Let’s build this class in steps. Initialization is straight forward:

class Learner():
    def __init__(self, model, dls, loss_fn, metric_fn, optim_class, lr):
        self.model = model
        self.dls = dls
        self.loss_fn = loss_fn
        self.metric_fn = metric_fn
        self.optim = optim_class(model.parameters(), lr)

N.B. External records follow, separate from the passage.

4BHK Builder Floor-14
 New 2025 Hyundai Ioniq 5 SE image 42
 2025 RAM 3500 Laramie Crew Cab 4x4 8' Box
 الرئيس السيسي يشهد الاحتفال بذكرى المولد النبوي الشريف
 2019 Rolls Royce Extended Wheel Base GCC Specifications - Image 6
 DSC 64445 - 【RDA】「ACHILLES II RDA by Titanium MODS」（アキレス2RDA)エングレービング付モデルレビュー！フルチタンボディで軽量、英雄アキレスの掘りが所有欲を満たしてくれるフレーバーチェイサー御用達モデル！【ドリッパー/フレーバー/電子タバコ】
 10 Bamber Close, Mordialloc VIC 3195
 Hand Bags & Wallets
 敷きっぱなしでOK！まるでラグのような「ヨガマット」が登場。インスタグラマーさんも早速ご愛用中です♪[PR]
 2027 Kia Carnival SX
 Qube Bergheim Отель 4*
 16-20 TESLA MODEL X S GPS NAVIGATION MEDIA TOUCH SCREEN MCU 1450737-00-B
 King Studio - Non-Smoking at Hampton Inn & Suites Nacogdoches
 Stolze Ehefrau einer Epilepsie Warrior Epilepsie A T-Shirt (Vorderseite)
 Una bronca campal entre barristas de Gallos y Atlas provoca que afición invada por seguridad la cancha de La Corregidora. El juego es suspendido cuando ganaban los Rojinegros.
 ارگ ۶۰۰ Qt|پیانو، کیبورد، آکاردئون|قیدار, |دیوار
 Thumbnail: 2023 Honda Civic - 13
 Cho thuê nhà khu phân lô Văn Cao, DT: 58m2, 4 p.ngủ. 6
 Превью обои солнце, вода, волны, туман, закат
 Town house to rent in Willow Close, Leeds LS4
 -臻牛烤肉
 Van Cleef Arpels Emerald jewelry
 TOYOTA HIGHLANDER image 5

Next, let’s implement the training loop. Instead of writing the full loop in a single fit() method, let’s try to break the training loop down into pieces:

fit() iterates through the epochs
Per epoch we do a training round through the training data and an evaluation round through the validation set. Both rounds are quite similar, so let’s put this functionality in a separate method one_epoch()
In each epoch we iterate through the batches of a dataloader, let’s put this functionality in a method one_batch()

@fc.patch
def fit(self:Learner, epochs):
    for epoch in range(epochs):                # iterate through the epochs
        self.one_epoch(epoch, train=True)      # one epoch through the training dataloader
        with torch.no_grad():                  # for the validation epoch we don't need grads
            self.one_epoch(epoch, train=False) # one epoch through the validation dataloader

Next, let’s implement one_epoch():

@fc.patch
def one_epoch(self:Learner, epoch, train):
    self.reset_stats()                         # reset the stats at beginning of each epoch
    self.model.train(train)                    # put the model either in train or validation mode
    self.dl = self.dls.train if train else self.dls.valid # reference to the active dataloader
    for self.batch in self.dl:                 # iterate through the active dataloader
        self.one_batch(train)                  # do one batch
    self.print_stats(epoch, train)             # print stats at the end of the epoch

And finally the method responsible for dealing with a single batch of data:

@fc.patch
def one_batch(self:Learner, train):
    self.xb, self.yb = self.batch              # self.batch is either a training or validation batch
    self.preds = self.model(self.xb)           # forward pass through the model
    self.loss = self.loss_fn(self.preds, self.yb)  # loss
    if train:                                  # only do a backward and weight update if train
        self.loss.backward()
        self.optim.step()
        self.optim.zero_grad()
    self.update_stats()                        # update stats

And the methods related to the computation of the statistics:

@fc.patch
def update_stats(self:Learner):
    n = len(self.xb)
    self.loss_s += self.loss.item() * n
    self.metric_s += self.metric_fn(self.preds, self.yb).item() * n
    self.counter += n

@fc.patch
def reset_stats(self:Learner):
    self.counter = 0
    self.loss_s = 0
    self.metric_s = 0

@fc.patch
def print_stats(self:Learner, epoch, train):
    loss = self.loss_s / self.counter
    metric = self.metric_s / self.counter
    print(f'{epoch=:02d} | {"train" if train else "eval":<5} | {loss=:.3f} | {metric=:.3f}')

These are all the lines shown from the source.